At the Washoe County primary voting site last week, one voter — 52-year-old Rob Piller — refused to wear a mask and insisted on voting in a booth, saying that forcing him to wear a mask was infringing on his rights. County officials had to clear the room so that he could vote at a machine.
“We’re losing rights left and right. They’re imposing guidelines and trying to act like they’re laws,” Piller said. “They’re going after my Second Amendment rights. They’re going after my First Amendment rights. They’re trying to impose draconian laws by wearing a mask, but it’s a guideline, not a rule.”
But for public health issues, experts say there are no major legal barriers to mandates implemented for safety purposes.
“Your freedom to determine your own life doesn't give you the right to put other people's health at risk,” UNLV Boyd School of Law Health Director David Orentlicher said, responding to a question about the potential for mask mandates to infringe on rights. “If mask-wearing were just about protecting you, you might have a case … but the fact is if you're not wearing a mask, you're putting other people at risk.”

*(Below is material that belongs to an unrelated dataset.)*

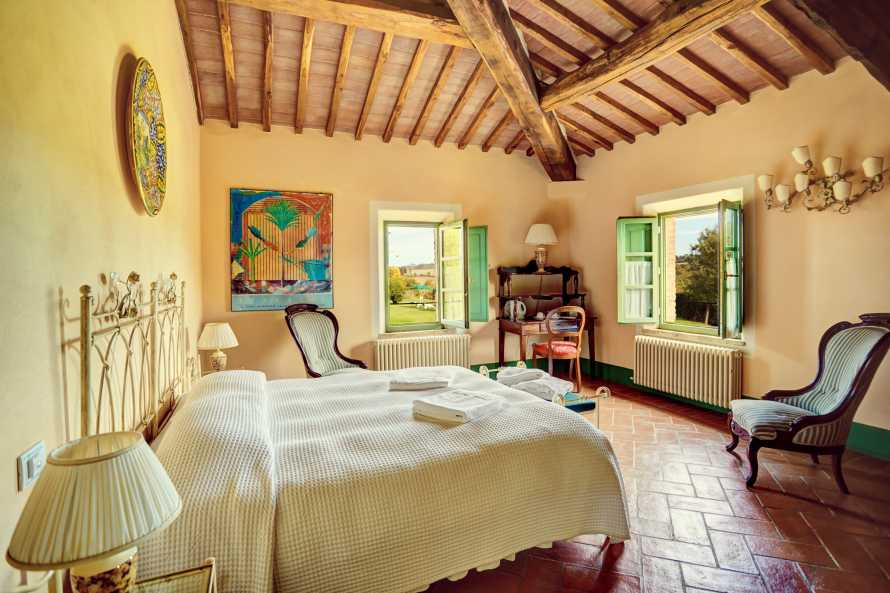 Arancino, chambre avec vue sur les collines toscanes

There are always exceptions, he noted, such as people with disabilities or health conditions that do not allow someone to wear a mask who should be exempt from such ordinances.
Before enacting an ordinance, Orentlicher — who is also running for a seat in the Assembly — emphasized that mandates can promote backlash, and it would be more ideal to normalize mask-wearing through providing free masks or using messages from celebrities or respected community leaders. He added that a well-established social norm is critical for people following laws.
“I think it comes down to a policy question, what's the best way to get people to wear masks?” he said. “It's useful to try alternatives … but sometimes, we’ve seen a number of public health issues, drunk driving, seat belts, where having legal mandates was essential to solving the problem."